Und tatsächlich haben wir eine spannende Studie an 83 Leuten, bei der man herausfinden wollte, ob bei Individuen, die mehr Training betreiben, die Bewegung an sich eine verstärkendere bzw. belohnendere (>Dopamin) Wirkung hat.

Tatsächlich war dies der Fall (6). Die Forscher konnten zeigen, dass in Personen, die Kraftsport betreiben und die eine höhere Schmerzgrenze während des Trainings haben, das Training auch verstärkender – man könnte sagen „reizender“ – wirkt. Hier ist aber nicht ersichtlich, ob eine höhere Schmerzgrenze bereits im Vorhinein da war, oder ob sie sich durch das Training entwickelte.
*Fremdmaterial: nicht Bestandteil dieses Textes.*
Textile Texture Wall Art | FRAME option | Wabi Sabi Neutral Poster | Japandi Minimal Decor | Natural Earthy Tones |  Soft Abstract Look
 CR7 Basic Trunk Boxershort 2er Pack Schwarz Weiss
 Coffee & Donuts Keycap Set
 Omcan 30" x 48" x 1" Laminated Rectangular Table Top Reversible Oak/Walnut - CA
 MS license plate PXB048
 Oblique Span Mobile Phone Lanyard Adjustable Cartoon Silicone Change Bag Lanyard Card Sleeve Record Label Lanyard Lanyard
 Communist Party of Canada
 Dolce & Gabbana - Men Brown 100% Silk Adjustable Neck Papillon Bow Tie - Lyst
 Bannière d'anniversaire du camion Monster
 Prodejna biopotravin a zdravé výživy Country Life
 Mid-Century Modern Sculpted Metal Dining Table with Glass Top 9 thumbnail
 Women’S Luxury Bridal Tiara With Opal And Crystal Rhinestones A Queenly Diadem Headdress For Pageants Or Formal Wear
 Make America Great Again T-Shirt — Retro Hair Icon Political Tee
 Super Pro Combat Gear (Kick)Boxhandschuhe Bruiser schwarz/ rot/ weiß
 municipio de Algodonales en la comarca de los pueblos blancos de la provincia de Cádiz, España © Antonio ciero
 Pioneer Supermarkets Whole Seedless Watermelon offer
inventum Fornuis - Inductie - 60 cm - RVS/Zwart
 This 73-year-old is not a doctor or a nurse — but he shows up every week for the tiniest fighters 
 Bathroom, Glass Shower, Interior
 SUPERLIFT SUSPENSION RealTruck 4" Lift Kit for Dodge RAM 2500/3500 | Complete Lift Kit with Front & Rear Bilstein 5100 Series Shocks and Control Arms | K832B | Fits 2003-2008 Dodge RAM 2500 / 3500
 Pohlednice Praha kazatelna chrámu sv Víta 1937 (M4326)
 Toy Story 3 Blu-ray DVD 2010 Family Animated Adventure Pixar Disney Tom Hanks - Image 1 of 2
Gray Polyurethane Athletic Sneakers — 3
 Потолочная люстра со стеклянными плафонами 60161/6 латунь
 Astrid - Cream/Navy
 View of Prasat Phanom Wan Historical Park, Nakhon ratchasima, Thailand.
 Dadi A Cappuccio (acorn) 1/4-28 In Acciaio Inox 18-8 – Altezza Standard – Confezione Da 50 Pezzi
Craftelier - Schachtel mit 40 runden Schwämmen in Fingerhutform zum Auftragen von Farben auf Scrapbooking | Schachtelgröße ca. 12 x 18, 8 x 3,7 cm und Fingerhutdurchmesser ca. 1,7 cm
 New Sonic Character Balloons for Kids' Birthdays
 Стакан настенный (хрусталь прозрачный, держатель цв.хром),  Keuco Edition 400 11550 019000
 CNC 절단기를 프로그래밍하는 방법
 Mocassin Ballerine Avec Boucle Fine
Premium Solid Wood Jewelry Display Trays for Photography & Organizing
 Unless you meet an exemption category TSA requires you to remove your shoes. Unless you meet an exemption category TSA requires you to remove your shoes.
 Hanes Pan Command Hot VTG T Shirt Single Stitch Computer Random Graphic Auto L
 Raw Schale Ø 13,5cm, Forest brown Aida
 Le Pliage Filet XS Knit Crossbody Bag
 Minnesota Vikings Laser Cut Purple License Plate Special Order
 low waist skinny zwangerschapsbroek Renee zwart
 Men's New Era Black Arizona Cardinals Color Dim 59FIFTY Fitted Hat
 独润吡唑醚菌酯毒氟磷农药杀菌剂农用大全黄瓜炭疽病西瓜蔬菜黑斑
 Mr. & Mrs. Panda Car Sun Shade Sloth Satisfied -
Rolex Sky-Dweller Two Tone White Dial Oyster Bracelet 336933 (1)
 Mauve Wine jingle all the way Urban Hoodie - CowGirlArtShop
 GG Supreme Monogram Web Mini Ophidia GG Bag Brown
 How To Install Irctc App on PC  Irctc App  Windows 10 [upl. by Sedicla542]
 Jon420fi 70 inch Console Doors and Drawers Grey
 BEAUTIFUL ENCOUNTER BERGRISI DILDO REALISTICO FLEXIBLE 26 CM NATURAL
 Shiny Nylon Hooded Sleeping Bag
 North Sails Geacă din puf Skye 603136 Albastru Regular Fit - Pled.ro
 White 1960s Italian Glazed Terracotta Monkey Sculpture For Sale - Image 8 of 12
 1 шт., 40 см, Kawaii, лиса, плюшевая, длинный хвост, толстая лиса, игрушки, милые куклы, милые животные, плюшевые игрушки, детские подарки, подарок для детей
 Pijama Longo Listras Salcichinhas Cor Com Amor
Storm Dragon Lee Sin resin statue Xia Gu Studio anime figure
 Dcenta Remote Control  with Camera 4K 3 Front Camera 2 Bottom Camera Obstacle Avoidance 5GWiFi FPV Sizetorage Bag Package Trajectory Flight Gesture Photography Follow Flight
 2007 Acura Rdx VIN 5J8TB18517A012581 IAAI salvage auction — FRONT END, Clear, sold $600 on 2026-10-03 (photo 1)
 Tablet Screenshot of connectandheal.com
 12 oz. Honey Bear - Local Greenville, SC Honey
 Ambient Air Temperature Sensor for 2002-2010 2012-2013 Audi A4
Personen, die mit dem Training physiologisch besser zurechtkommen (z.B. durch bessere Anpassung der Körpertemperatur) tendieren dazu, auch psychologische Vorteile zu haben, wie etwa eine erhöhte Stimmung und geringeres Empfinden subjektiv wahrgenommener Anstrengung. Schlussendlich ist jedes psychologische Phänomen immer in unserer Biologie instanziiert.

Wenn jemand also physiologisch vorteilhaftere Reaktionen zeigt, kann dies zu einer angenehmeren Erfahrung (oder zumindest veränderteren Erfahrung) beim Training beitragen, was wiederum die Motivation für ein erneutes Training erhöhen kann. Elite-Athleten zeigen im Allgemeinen eine geringere Stressreaktion, d.h. sie produzieren auch bei anderen Tests weniger Cortisol (7). Gut mit Stress umgehen zu können ist essentiell und kann erheblich beeinflusst werden (8).

Reaktion auf körperliches Training bei Personen mit vorteilhafter Physiologie.

Reaktion auf körperliches Training bei Personen mit vorteilhafter Physiologie. (Bildquelle: Eigene Darstellung)

Auch bei dieser Studie zeigte sich, dass Personen, die mehr positive Stimmung nach dem Training empfanden, auch motivierter für zukünftiges Training waren. Interessanterweise fanden die Forscher heraus, dass das vom Gehirn abgeleitete Wachstumsfaktor- (BDNF; „Brain-Derived Neurotrophic Factor“) Gen einen direkten Einfluss auf die Bewertung der wahrgenommenen Anstrengung, die Herzfrequenz und die positive Stimmung hatte (9).

Unsere Genetik spielt also zusammenfassend eine große Rolle, vor allem in Bezug darauf, wie unser Körper auf Bewegung reagiert.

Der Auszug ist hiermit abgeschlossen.